I am 69. Started casting bullets in 1973. Since then I make a point of adding reloading dies and a bullet mold every time I add a new caliber to the gun safe. I think that the last count showed 21 bullet molds on hand, 8 lubri-sizer dies and about 16 top punches. Two bottom-pour lead furnaces.
I can't even estimate how many cast bullets I have produced over the years. Must be 50,000 or more by now, maybe triple that number.
I was a very good scrounger for years! Wheel weights, printers' type metals, old lead plumbing pipes, and digging up shooting ranges to reclaim fired bullets. Two old cast iron pots (purchased for little or nothing from Salvation Army or Goodwill stores) that I used for melting, cleaning, fluxing, and mixing my metals, usually over a propane camping stove in the back yard. Welder's gloves, leather apron, industrial face shield.
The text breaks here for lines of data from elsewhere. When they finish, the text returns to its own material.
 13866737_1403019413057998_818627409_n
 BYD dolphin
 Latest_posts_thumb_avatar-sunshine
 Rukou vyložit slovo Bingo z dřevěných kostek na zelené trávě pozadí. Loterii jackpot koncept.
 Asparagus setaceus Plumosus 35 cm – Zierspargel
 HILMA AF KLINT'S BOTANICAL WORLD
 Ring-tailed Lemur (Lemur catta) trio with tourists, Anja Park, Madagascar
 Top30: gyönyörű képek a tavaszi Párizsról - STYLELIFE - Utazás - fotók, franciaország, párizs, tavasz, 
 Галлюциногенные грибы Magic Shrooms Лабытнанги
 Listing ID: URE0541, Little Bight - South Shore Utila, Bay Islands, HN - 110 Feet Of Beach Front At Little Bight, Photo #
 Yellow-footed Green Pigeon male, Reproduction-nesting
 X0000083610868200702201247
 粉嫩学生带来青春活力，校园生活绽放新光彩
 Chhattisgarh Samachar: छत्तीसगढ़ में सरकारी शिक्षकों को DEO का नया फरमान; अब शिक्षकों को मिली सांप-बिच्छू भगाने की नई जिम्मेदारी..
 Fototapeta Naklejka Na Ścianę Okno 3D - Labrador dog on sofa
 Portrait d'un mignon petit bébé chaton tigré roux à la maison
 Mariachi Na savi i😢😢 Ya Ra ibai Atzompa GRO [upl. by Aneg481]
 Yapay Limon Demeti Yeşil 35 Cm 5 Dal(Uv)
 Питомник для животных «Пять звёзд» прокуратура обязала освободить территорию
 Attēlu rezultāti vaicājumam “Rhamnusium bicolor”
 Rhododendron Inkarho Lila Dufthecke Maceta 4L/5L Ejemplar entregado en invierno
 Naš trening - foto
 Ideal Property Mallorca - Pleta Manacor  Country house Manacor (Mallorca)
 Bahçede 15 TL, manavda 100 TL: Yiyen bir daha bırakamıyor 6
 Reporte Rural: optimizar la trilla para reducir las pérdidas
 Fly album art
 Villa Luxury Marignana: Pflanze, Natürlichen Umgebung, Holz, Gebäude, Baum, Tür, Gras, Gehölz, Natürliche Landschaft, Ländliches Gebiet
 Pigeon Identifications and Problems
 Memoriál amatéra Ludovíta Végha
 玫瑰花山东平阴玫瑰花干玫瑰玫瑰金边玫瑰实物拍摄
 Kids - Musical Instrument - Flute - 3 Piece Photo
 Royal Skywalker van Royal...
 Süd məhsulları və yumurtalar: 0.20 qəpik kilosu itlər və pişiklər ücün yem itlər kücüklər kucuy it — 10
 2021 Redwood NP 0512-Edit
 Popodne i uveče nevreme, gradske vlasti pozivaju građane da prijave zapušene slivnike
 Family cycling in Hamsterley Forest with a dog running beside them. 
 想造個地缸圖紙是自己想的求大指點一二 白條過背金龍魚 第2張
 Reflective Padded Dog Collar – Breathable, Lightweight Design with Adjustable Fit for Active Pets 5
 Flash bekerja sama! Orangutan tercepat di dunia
I can't recall purchasing factory ammo (other than .22LR) for the last 10 years, and probably less than a dozen times over the past 40 years.
I still produce most handgun calibers for little more than the cost of primers and powder (maybe 5 or 6 cents per round). When I started all of this I figured .38 Special and 9X19 cost me about 70 cents per box of 50 to produce.
It will be a difficult habit to break!